EO: What is your training like?
Glen the Avalanche Dog: I’ll be training really hard this year and next. Since I’m little, we’re still mostly working on obedience training and we’ve started playing games of hide and seek. We also do this drill called “runaways” where Mike takes my favorite toy and runs away with it. I have to stay until I’m given a command to come find it. This is an engaging game that is getting me ready for when I really have to find someone buried in the snow. Mike always makes my training a big game and there’s always a reward so when I go to work it’s always fun and something I look forward to – not something stressful.
EO: What’s your favorite experience with Glen?
Mike the Handler: He’s doing really well with all the things we’ve thrown at him so far. Every time we do a training, he’s just picked it up with no problem. The dog stream, riding the snowmobile, meeting strangers – he just does it all with no problem and he stays really calm no matter what. He’s exceeding my expectations on that front and just the way he handles himself has been awesome to see.
Another memorable moment was being in the clinic with him and having a young person come in who was just howling in pain. Glen gave him a little love and totally calmed him down. That was amazing to see.
EO: What is a typical day like on the mountain for you?
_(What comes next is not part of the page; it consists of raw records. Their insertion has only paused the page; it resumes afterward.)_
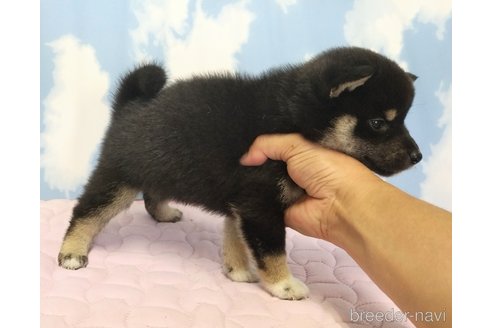 成約済の静岡県の柴犬-315343の5枚目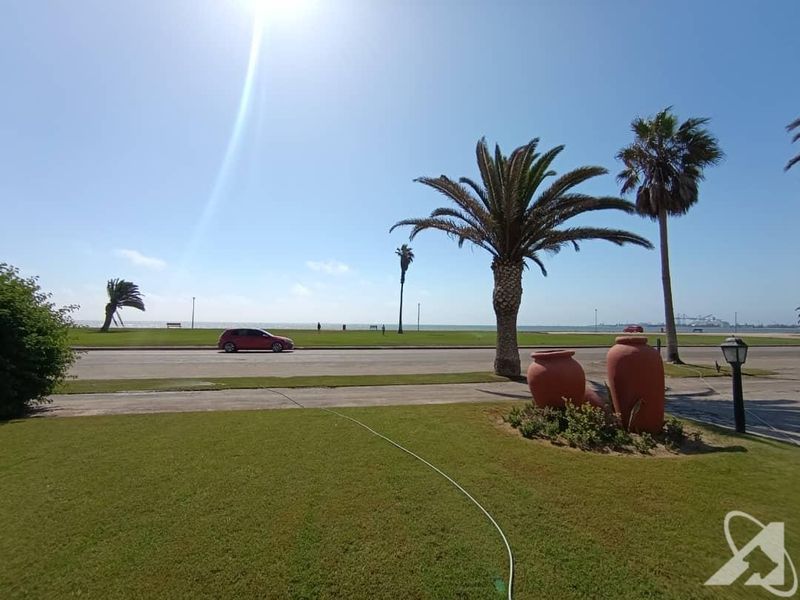 A scenic view of the coastal landscape featuring a well-maintained lawn, mature palm trees, and a clear outlook towards the sea.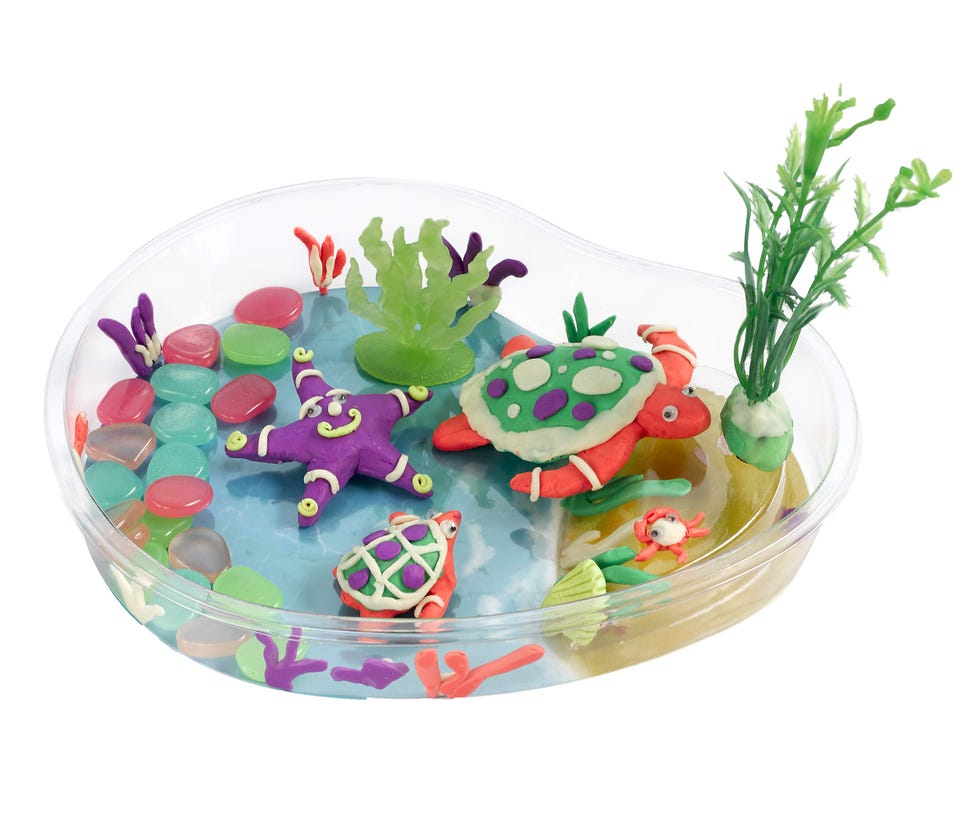 Create with Clay Turtle Lagoon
Glen the Avalanche Dog: Each day is different. Some days I hang out in the ski patrol clinic at the base and I give love to anyone who comes in hurt. Sometimes I ride a snowmobile up to the top and hang out at whatever lift Mike is assigned to cover. When that happens, I hang out with other patrollers and I get to meet skiers and make people smile.
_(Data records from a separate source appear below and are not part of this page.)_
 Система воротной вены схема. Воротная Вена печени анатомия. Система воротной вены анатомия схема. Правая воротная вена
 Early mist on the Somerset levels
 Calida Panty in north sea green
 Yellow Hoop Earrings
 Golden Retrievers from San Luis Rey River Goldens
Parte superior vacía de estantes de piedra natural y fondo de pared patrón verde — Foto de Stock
EO: What are Glen’s favorite activities?
Mike the Handler: Other than training, he loves playing with one of the other avalanche dogs, having fun, rolling around in the snow and playing with toys. Basically, Glen just likes to party.
EO: How has it been different raising an avalanche dog versus your other dog?
Mike the Handler: The biggest thing I’ve had to get used to is being a little less hands on and being okay with other people taking care of him. When Glen’s at work, he’s every patroller’s dog — he’s a ski patrol dog — so I have to detach myself, but I don’t worry about him because I know everyone has his best interest in mind. We are a smaller team, but we are a family and I feel comfortable with everyone taking care of him. It’s been incredible to be able to lean on my team for help with his care and training.
EO: What’s the ultimate goal for you and Mike?
Glen the Avalanche Dog: In the next year or two, we want to earn our certification at Monarch. To pass this test and show my handlers that my skills are up to par, I have to find two buried victims within a few minutes of arriving on the scene. I have to alert Mike to where they are in an obvious and clear way. Each dog has a different way of indicating that they’ve found a victim and I don’t know what mine will be yet, but once I figure it out I will always use the same indication to show Mike I’ve found someone so he will know that he should start digging. We think I’ll be ready for this test by mid-season next year, but it varies from dog to dog.
Then, we’ll continue our training to earn certification under the Colorado Rapid Avalanche Deployment (CRAD) program. This is a hard certification to get, but if we pass, it would mean that a helicopter could come to Monarch, pick up me and Mike (or another handler), and take us to meet a search and rescue team responding to a backcountry avalanche. The test to qualify, which is held at another ski resort with certified proctors, is a bit more difficult since I have to find two people and a separate scented article in a larger area. But, the extra work will be worth it so we can help even more people.